I’ve decided to start a thread on this blog for writers. I used to write a monthly craft-of-writing article for the Romance Writers of Australia magazine, but after five years I stepped down. But I enjoy pondering aspects of writing craft, and find I miss it. So rather than go back, I’ve decided to pop an occasional writing post onto my blog, and have it open to anyone who’s interested. I’m really just musing about various aspects of the writing craft, rather than creating instructional posts. But if you’re not interested, just skip them — I’ll still be writing more personal posts and posts about my books as usual.

I’m also planning to put those previous writing articles up on my website to add to the others on my “about writing” page

So here’s the first of my dedicated craft-of-writing blog posts. It came to me when I was going through a small scene I’d written the day before and was thinking it felt a bit flat. And then I realized why . . .

Tension and Micro-tension

Many years ago I was in a masterclass for writers conducted by literary agent and writing guru, Donald Maass. 

We were asked to bring a finished novel in manuscript form — the idea was that the participants had to have finished a novel, that this was an editing/rewriting class rather than a class for beginner writers. My manuscript was only three-quarters finished, but I’d had a number of books published by then.

I brought my stack of printed off pages  (hole-punched and tied with a shoelace if I recall correctly). I was worried I might drop it and pages would go everywhere, even though they were numbered.

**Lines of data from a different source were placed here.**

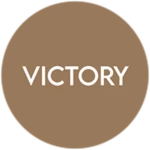 Victory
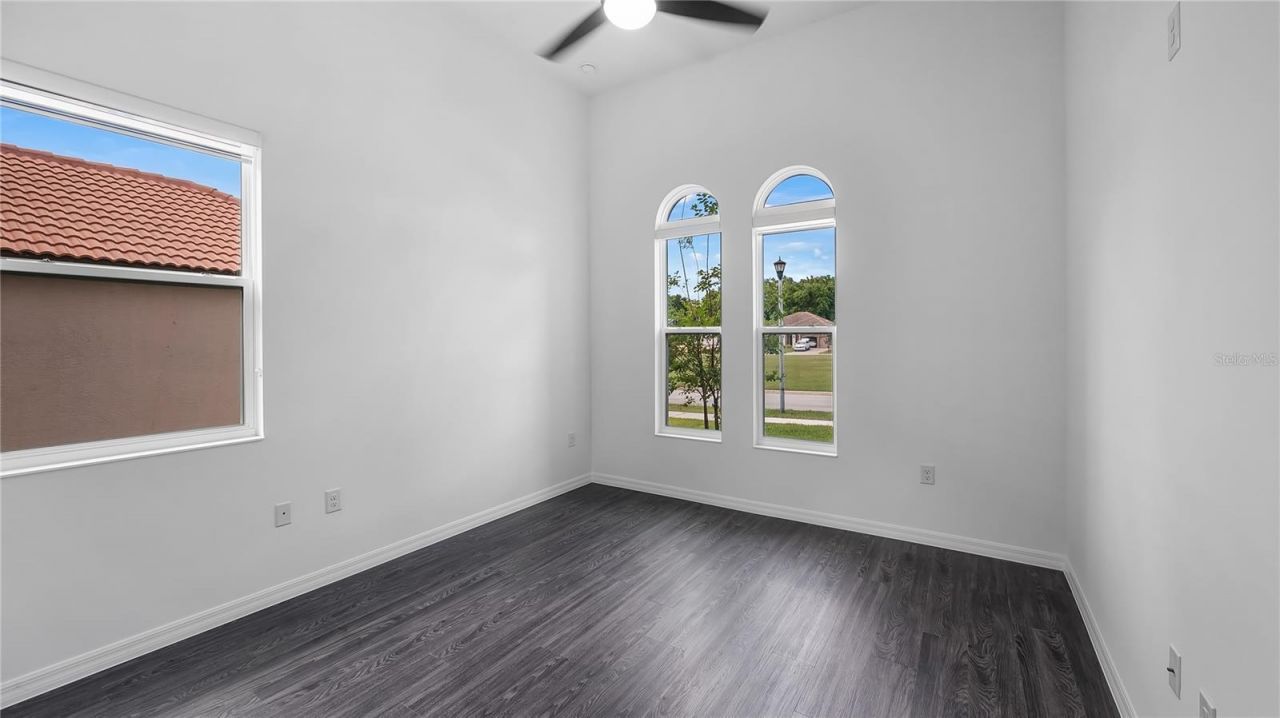 12919 Brunello Circle, Clermont, FL 34711 Photo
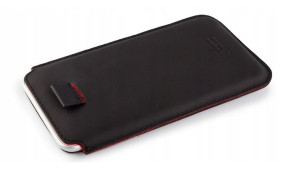 BAROON Markiz etui wsuwka do Oppo Neo 5S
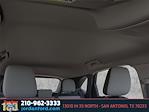 2025 Ford Escape FWD SUV for sale #EP52461 - photo 22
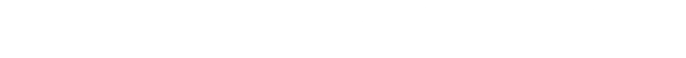 二级学院-金沙集团1862（2023）
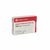 Roxithromycin AL 300mg Filmtabletten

I learned a heap in that workshop — if ever you get a chance to do a workshop with Donald Maas take it. (See below for an on-line opportunity.)

One of the things he taught in that workshop was the importance of micro-tension.

In his own words micro-tension is “the moment-by-moment tension that keeps readers in a constant state of suspense over what will happen—not in the (overall) story, but in the next few seconds.

It’s not the kind of tension that comes from the high stakes story, or the circumstances of a scene, it comes from emotions — conflicting emotions.

One of the various exercises he gave us in that workshop seemed incredibly simple: he got us to open to a random page, and “make it worse” — i.e. find a way to increase the tension on that particular page.

At first it felt impossible — I’d worked hard on those scenes — but then I saw a way of doing it, and then I was crossing out bits and writing in new bits, and getting a whole other layer of tension into that page and that scene.

We did that exercise a few times on different pages, and I was amazed at what a difference it made. Scenes that had one main purpose, through just a few small changes, gained more complexity and intrigue. And added tension. 

I wish now I’d kept that printed off manuscript with all the scribbles I made over it as a result of that masterclass, but I didn’t. The final book was called The Stolen Princess and it was the winner of Romance Writer of Australia’s Romantic Book of the Year.

In the scene that I reworked the other day, the hero was investigating the heroine’s background. In the first draft, that was all he did — ask a few questions and get some answers. Simple and straightforward.  In terms of the plot, it did the job it needed to do. But when I revised it, by going deeper into his character and adding in a few sentences here and there to increase microtension, I was able to show that he had mixed feelings about what he was doing. And that by the end of the (very short) scene he had the answers to his questions, but also a few more questions, and his feelings were even more mixed. 

There are several Donald Maass workshops recorded on line that you can purchase to watch. Also more here. (For the record, I have no connection with Donald Maass or the organizers of these sessions.)

And that coffee cup above? That was the trademark saying of the late Emma Darcy and, way back when, Trish Morey had it printed on a mug for a conference she was organizing. I still treasure it. It’s a great reminder.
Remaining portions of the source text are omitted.